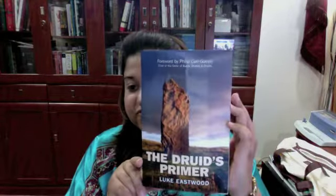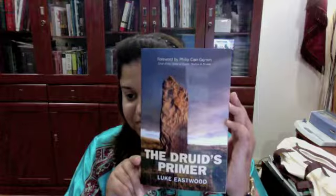It has a foreword by Philip Cargolm. It's been a while since I've read a new druid book, and I tend to stay away from them, just to be clear. But a lot of my friends went gaga over this book, so out of their recommendations I decided to go ahead and read it. And I'm glad I did.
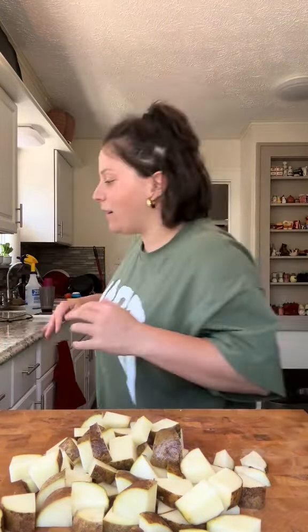Bell pepper. Rip out the seeds — and look, that's all the pepper that you wasted.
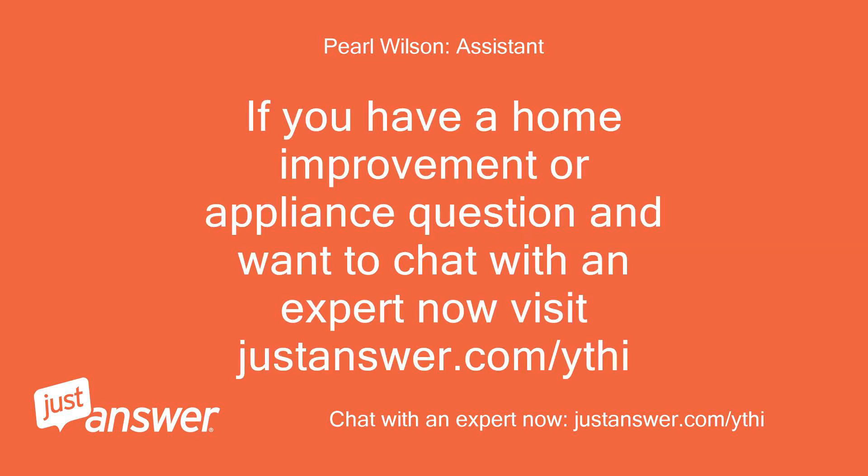If you have a home improvement or appliance question and want to chat with an expert now, visit justanswer.com/ythi. To be continued.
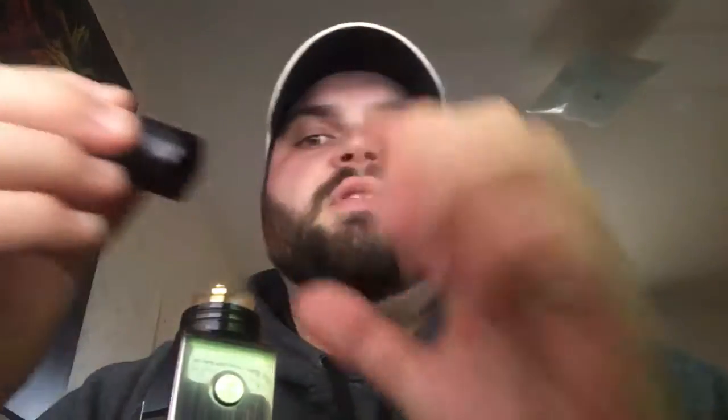Juice it up. And some vapor. Smells good — it smells really good. Let's give it a try.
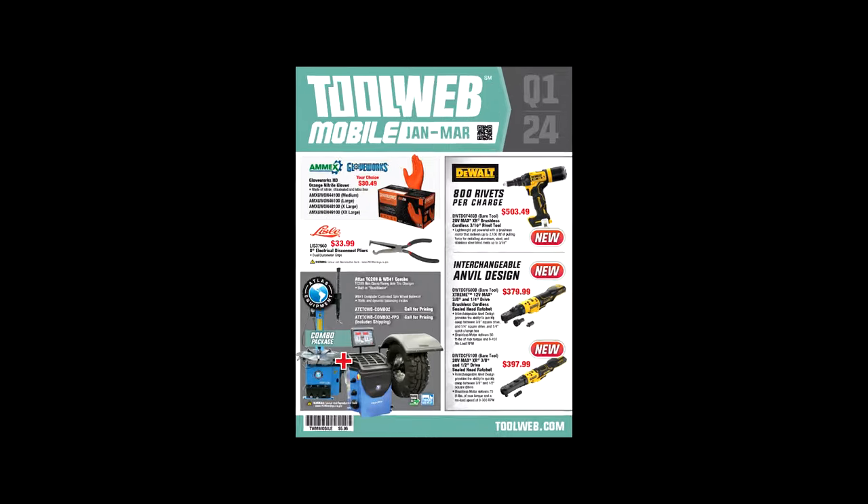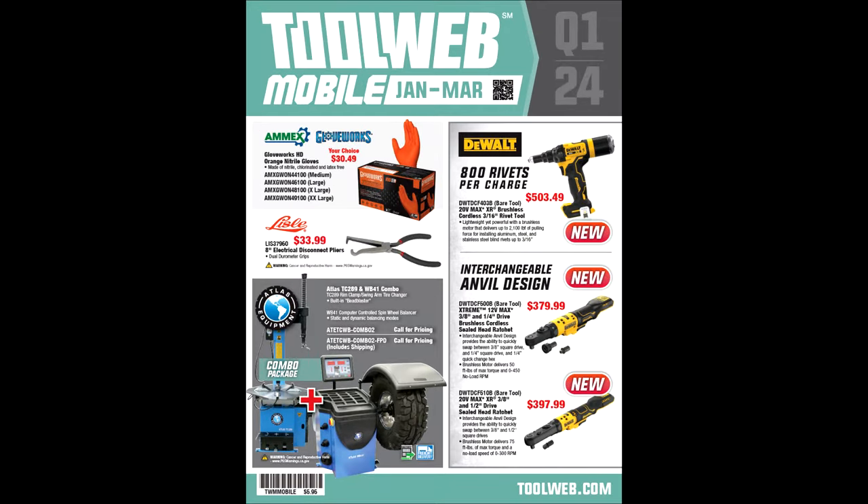The new flyer is here. This one covers quarter one of 2024 — that's January, February, and March. Welcome back. It's been a few weeks since I've made a video. I took a break during Christmas and New Year's, so we're back at it now, ready to start rolling with the new year. I hope you all had good holidays and your families were all safe and happy. I've got some very interesting deals in this flyer I want to show you because it's a great flyer to do a comparison. I'm going to show you some things I recommend, but I'm also going to show you some things I don't recommend, all in the same flyer.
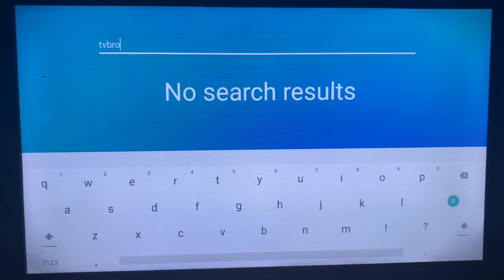Unfortunately my App Store doesn't have TV Bro. But if your search does return TV Bro, you will see it in your App Store or Play Store and you can go ahead and install it to your smart TV — it's very easy. If you don't find it, like I just did, then in the next video I'm going to show you how to install TV Bro without the App Store or Play Store.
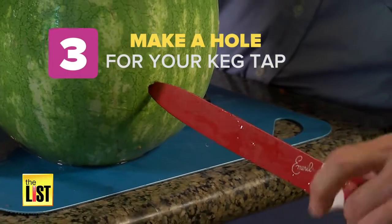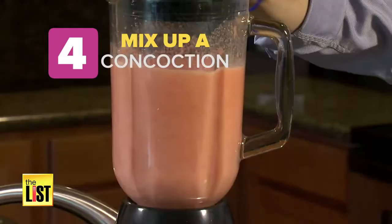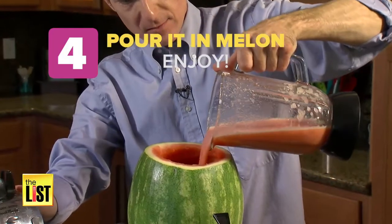Three, make a hole for your keg tap — you can buy one from Amazon. Four, mix up a concoction of your choice, pour it in the melon, and enjoy.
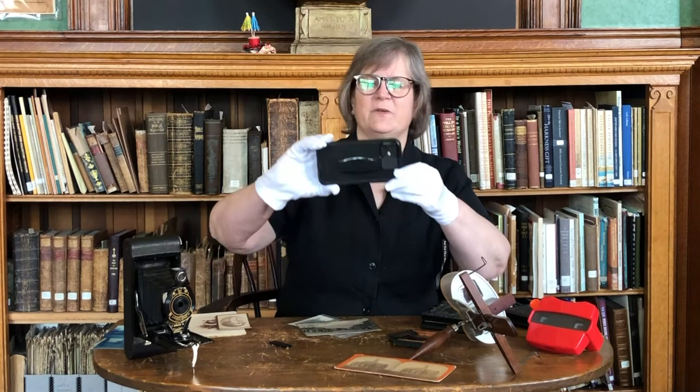Hi, I'm Barbara Rimkunis and this is your Exeter History Minute. I just took a picture of my co-conspirator Laura Martin taping me. It's so easy to take pictures today that we can forget how difficult it used to be. Here at the Historical Society, we were once asked whether we had any photos of soldiers from the War of 1812 — the record is slim on images before the 1850s. So let's take a quick rundown of the types of photography. There's a chance you might have some of these, so it's good to know what they are.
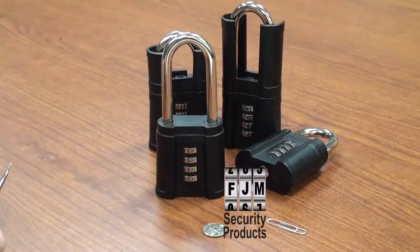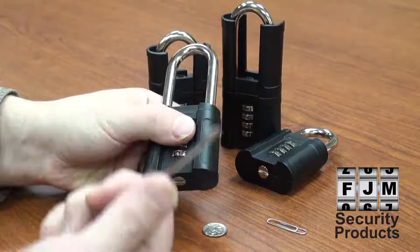FJM Security Products have a built-in change screw with no reset key or pin to lose. Simply use a screwdriver, a coin, or a paper clip to reset the combination at any time.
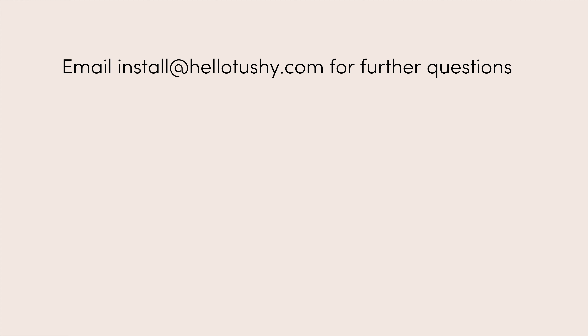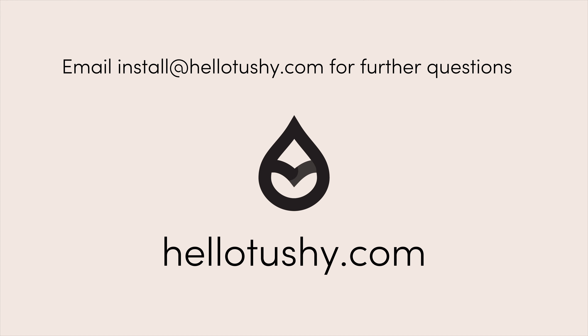If you ever have any questions at all, please email install@hellotushy.com.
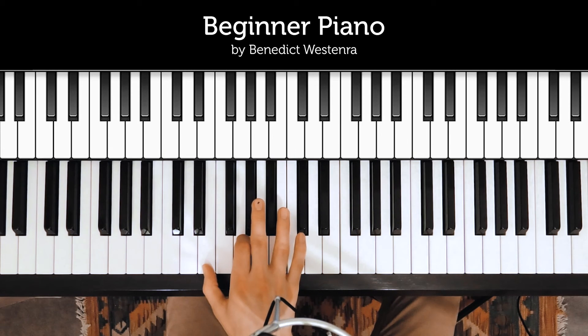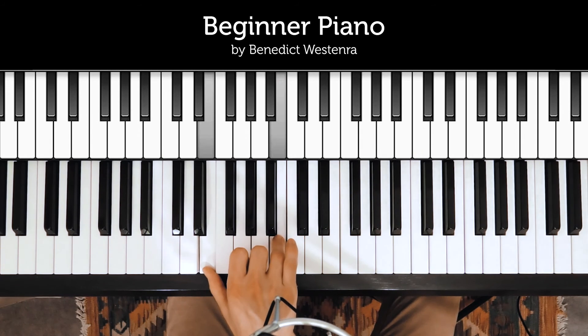So one more time: play the first pair three times — one, two, three — and then you move to the second pair.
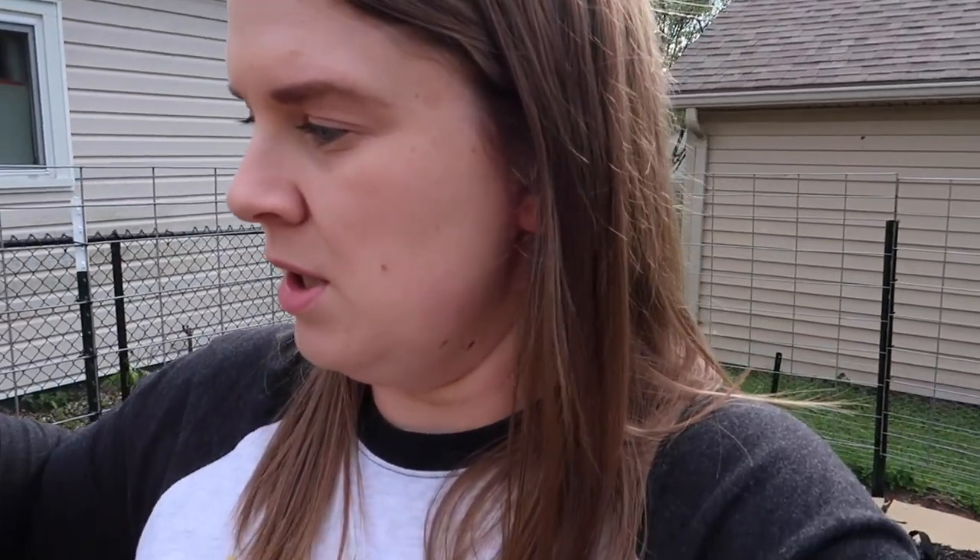This lettuce tower is starting to get full and it makes me so happy. This was one of the best purchases I've made for the garden in a while — I love that everything is up off the ground and I don't have to worry about pests as much. So if you're looking for a way to grow lettuce, herbs, or leafy greens, this is a great solution. Anyway, that's the week one garden tour — thank you for watching and I will see you in the next one.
########
• BRIEF:
Pictures are to be left out, and the lines from the beginning of the records through the line with "Juice it up." are to be printed exactly, with nothing added.

• TASK RESPONSE:
It has a foreword by Philip Cargolm. It's been a while since I've read a new druid book, and I tend to stay away from them, just to be clear. But a lot of my friends went gaga over this book, so out of their recommendations I decided to go ahead and read it. And I'm glad I did.
Bell pepper. Rip out the seeds — and look, that's all the pepper that you wasted.
If you have a home improvement or appliance question and want to chat with an expert now, visit justanswer.com/ythi. To be continued.
Juice it up. And some vapor. Smells good — it smells really good. Let's give it a try.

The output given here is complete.